+++ INFORMATION SHOWN +++
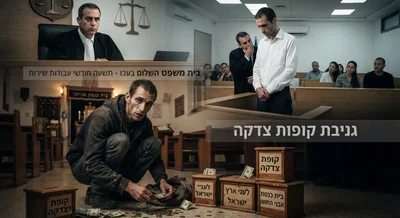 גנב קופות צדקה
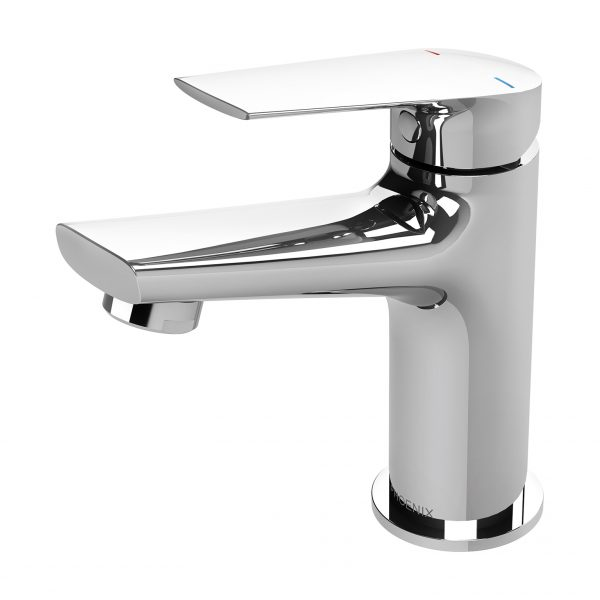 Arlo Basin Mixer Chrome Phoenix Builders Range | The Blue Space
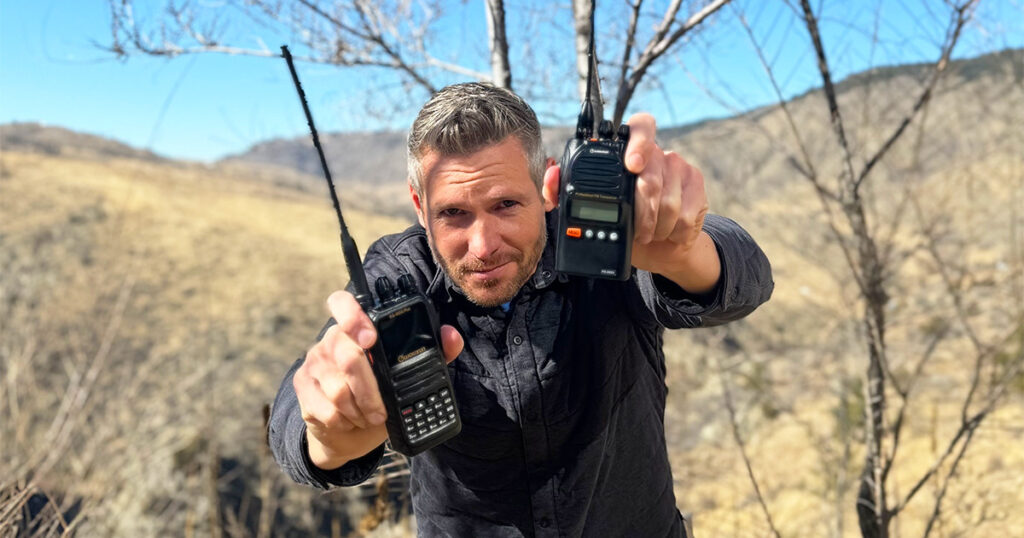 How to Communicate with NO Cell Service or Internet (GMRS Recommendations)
+++
| EXERCISE PROMPT |
From the line containing "Arlo Basin Mixer" down to the final line of the listing above, write out only those lines exactly as they are, minus the pictures.

| SOLVED EXERCISE |
 Arlo Basin Mixer Chrome Phoenix Builders Range | The Blue Space
 How to Communicate with NO Cell Service or Internet (GMRS Recommendations)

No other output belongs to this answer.